• WHAT YOU ARE ASKED TO DO: Tally the lines of the data that include the word "take" and state the total, nothing else.

• RECORDS SHOWN:
-------------------------

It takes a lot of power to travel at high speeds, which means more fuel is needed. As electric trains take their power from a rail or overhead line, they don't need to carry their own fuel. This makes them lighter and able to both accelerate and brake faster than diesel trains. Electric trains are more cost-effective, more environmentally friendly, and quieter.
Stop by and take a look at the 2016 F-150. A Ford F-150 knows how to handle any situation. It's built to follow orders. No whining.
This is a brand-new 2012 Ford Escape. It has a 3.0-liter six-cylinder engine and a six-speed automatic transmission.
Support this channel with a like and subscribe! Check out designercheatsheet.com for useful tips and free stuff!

-------------------------

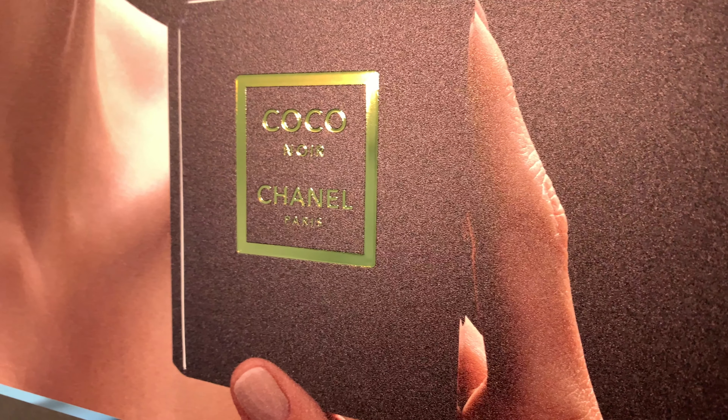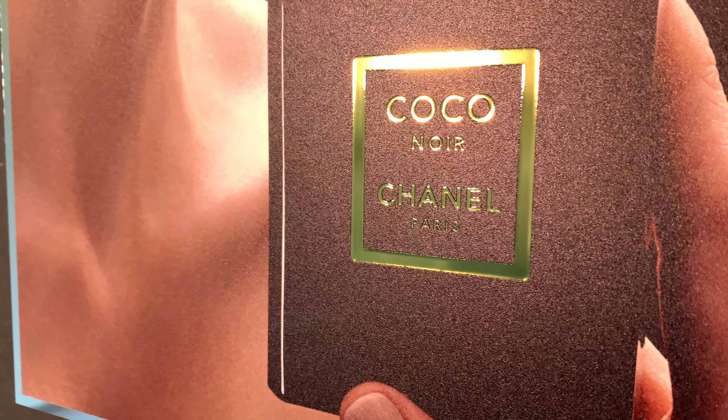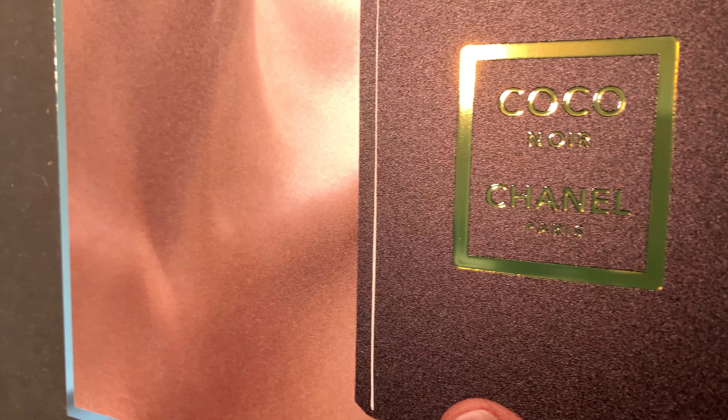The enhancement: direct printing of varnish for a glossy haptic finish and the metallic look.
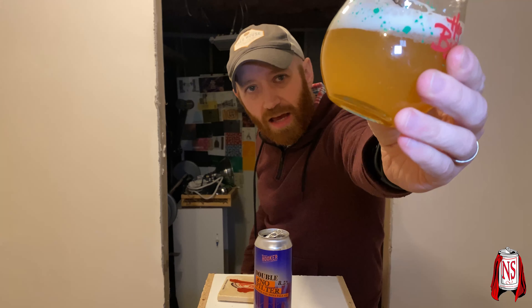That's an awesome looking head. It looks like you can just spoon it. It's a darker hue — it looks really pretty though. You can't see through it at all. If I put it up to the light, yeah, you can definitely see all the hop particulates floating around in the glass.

-------------------------

• OUTPUT FOR THIS TASK: 2